For me the appetizer was a little Japanese film (with subtitles) called HAIR EXTENSIONS. When I sat down I half expected a knock off of “The Grudge” from a few years back, but I couldn’t have been more wrong. Hair Extensions is a neatly packaged and highly stylized film with a simple plot A scientific madman uses a woman’s dead body as sort of a “hair farm,” growing long black wads of hair out of her every orifice. He then harvests the hair to sell to local beauty shops with . . . far reaching results. Even better than the horror plot is the second plot involving a pair of sisters, one good and the other not so good, and the abused child the bad sister abandons to the good one.
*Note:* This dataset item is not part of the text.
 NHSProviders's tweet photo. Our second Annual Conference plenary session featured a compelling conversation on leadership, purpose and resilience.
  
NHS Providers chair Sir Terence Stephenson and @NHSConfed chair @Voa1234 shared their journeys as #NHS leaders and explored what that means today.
The special effects will dazzle your eyes and make your skin crawl at the same time while the abused child subplot will break your heart to the point where you just can’t wait for the child beating “bad” sister to get her . . . hair done. Don’t miss this one. I loved it.
Next, I saw a short subject filming of H. P. Lovecraft’s Pickman’s Model with the feel of a student film experiment. The acting was like bad TV and the photography like a Polaroid Point and Shoot, BUT, it had something indefinable that made it come together and creep me out. It could have been the mannered theater like acting of the lead playing Pickman, or the murky, grainy, almost sepia toned coloring of the film but it undeniably delivered its goose bumps. For this, I’d have to give credit to the director, Gary Fierro, and lead actor who, even with all the flaws of this filming, will both with any luck will become polished into artists of merit in their future efforts. I would call this one an aperitif, short and sweet but with a nice kick. Good job guys, next time I hope you get a bigger budget to flex with.
Following the very short Pickman’s Model, I had the good fortune to have the time to see the film that followed; a modern silent filming of H.P. Lovecraft’s The Call of Cthulu, a famous and thus familiar tale of lost civilization, cult worshippers and dark obsession. Kitschy and sometimes corny, this “Call of Cthulu” seemed like an exercise in form over substance, very artistically shot with a nice 1920’s period feel giving the impression one gets of a piece of parchment held over a candle but with a downside of leaving the viewer coming away still waiting for a slamming pay-off. In the end the creators and director Andrew Leman proved they could make an eye catching, almost hypnotizing looking film but one that leaves the viewer at the end asking “Where the hell is the MONSTER?”
My next and final foray into the RIFF’s vault of horror was for the Saturday night premier of SEA OF DUST, but you’ll have to look at my full review posted earlier for that one. All in all, I can only praise Mr. Marshall for his dedication not only to artistic expression in general but to his clear love and appreciation for the art of horror film making and I can’t wait to see what he comes up with for next year, Surf & Turf? I’m there!